Perché è stato necessario un nuovo accordo
Il protocollo sostituisce un precedente accordo del 2006, ormai superato dalle profonde trasformazioni del panorama finanziario. La principale ragione di questo aggiornamento risiede nell’evoluzione dell’architettura di vigilanza europea, in particolare con l’istituzione del Meccanismo di Vigilanza Unico (MVU), che ha trasferito alla Banca Centrale Europea la supervisione diretta sulle banche più grandi e significative.
Di conseguenza, si è resa necessaria una ridefinizione delle competenze e delle modalità di collaborazione tra le autorità nazionali per la vigilanza sui conglomerati finanziari che includono enti creditizi considerati “meno significativi”. Il nuovo accordo colma questa esigenza, garantendo che anche questi gruppi complessi, attivi in più settori come quello bancario, assicurativo e dei servizi di investimento, siano soggetti a un controllo coordinato ed efficace.
Le principali novità del protocollo
L’intesa introduce diverse novità operative per rendere la vigilanza più precisa e coerente. L’obiettivo è avere una visione d’insieme dei rischi di un gruppo, superando la logica dei controlli settoriali separati. Le principali innovazioni includono:
- Focalizzazione sui conglomerati “meno significativi”: L’accordo chiarisce che il suo campo di applicazione riguarda i gruppi finanziari che non rientrano nella vigilanza diretta della BCE, assicurando che nessuna area del mercato rimanga priva di un’adeguata supervisione.
- Cooperazione rafforzata: Vengono definite procedure chiare per lo scambio di informazioni e la collaborazione tra Banca d’Italia, IVASS e CONSOB. Questo permette di monitorare in modo integrato i rischi che possono derivare dall’interazione tra le diverse attività di un conglomerato.
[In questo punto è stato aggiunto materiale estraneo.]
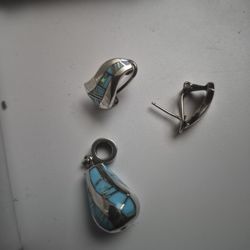 zuni turquoise inlay pendant and earings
- Criteri di calcolo aggiornati: Il protocollo precisa le modalità tecniche per calcolare le soglie quantitative che determinano la rilevanza dei settori bancario e assicurativo all’interno di un gruppo. Questo garantisce una valutazione più accurata e omogenea della struttura dei conglomerati.
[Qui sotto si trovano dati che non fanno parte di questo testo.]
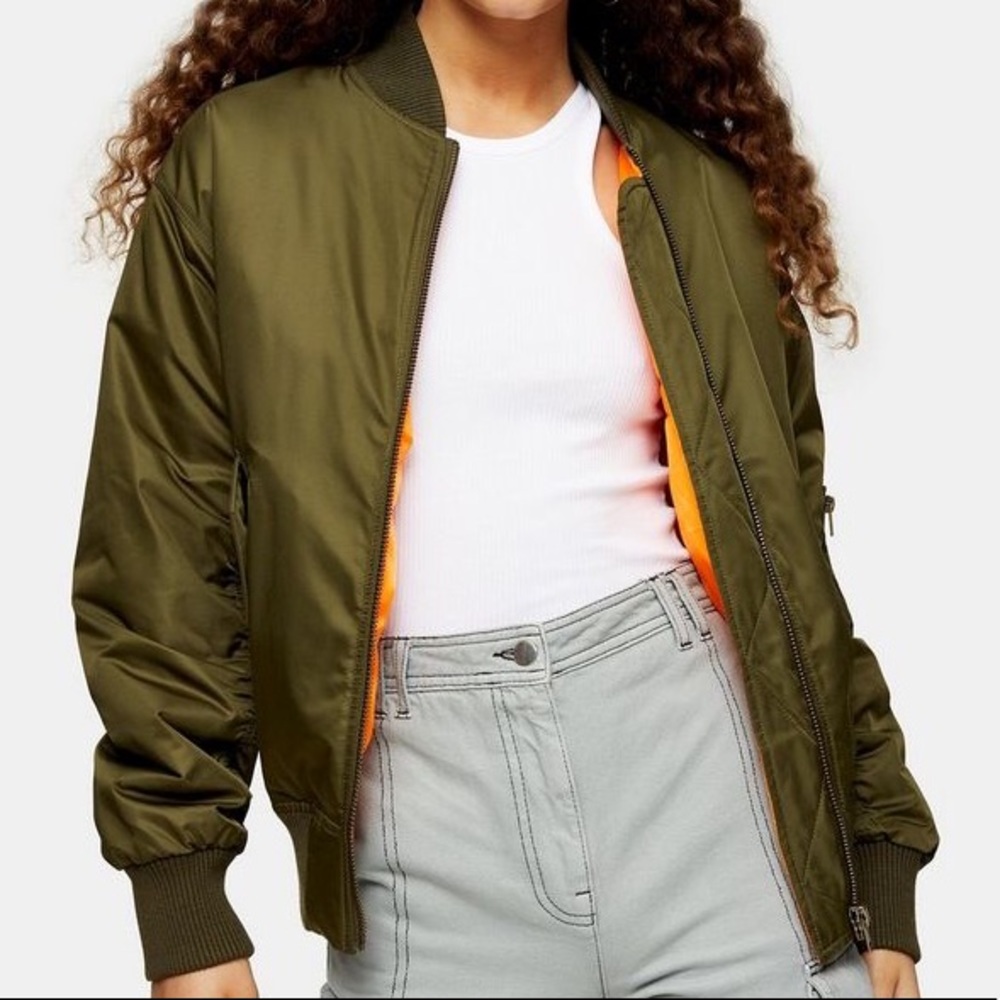Green Bomber Jacket Winter Coat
- Accordo quadro flessibile: L’intesa funziona come un “accordo quadro”, che stabilisce i principi generali di cooperazione. Prevede inoltre la possibilità di definire accordi specifici e più dettagliati per i singoli conglomerati, tenendo conto delle loro particolari caratteristiche operative e strutturali.
Cosa significa per i consumatori e i risparmiatori
Sebbene il protocollo d’intesa sia un documento di natura tecnica, le sue implicazioni per i consumatori sono concrete e significative. Un sistema di vigilanza più robusto e coordinato si traduce direttamente in una maggiore protezione per i cittadini. Una supervisione efficace sui conglomerati finanziari contribuisce a:
- Aumentare la stabilità del sistema: Un controllo attento sui gruppi finanziari complessi riduce il rischio di crisi che potrebbero avere ripercussioni sui depositi bancari, sulle polizze assicurative e sugli investimenti dei risparmiatori.
- Prevenire i rischi nascosti: La cooperazione tra le autorità permette di individuare e gestire i rischi che possono nascere dall’intreccio di attività diverse all’interno dello stesso gruppo, evitando che problemi in un settore si propaghino ad altri.
- Rafforzare la fiducia nel mercato: Regole chiare e una vigilanza coordinata aumentano la trasparenza e l’affidabilità del mercato finanziario nel suo complesso, un fattore essenziale per chiunque affidi i propri risparmi a banche, assicurazioni o società di investimento.
In sintesi, questo accordo rappresenta un passo avanti per garantire che il sistema finanziario italiano sia più solido e resiliente, a diretto beneficio della sicurezza economica dei consumatori.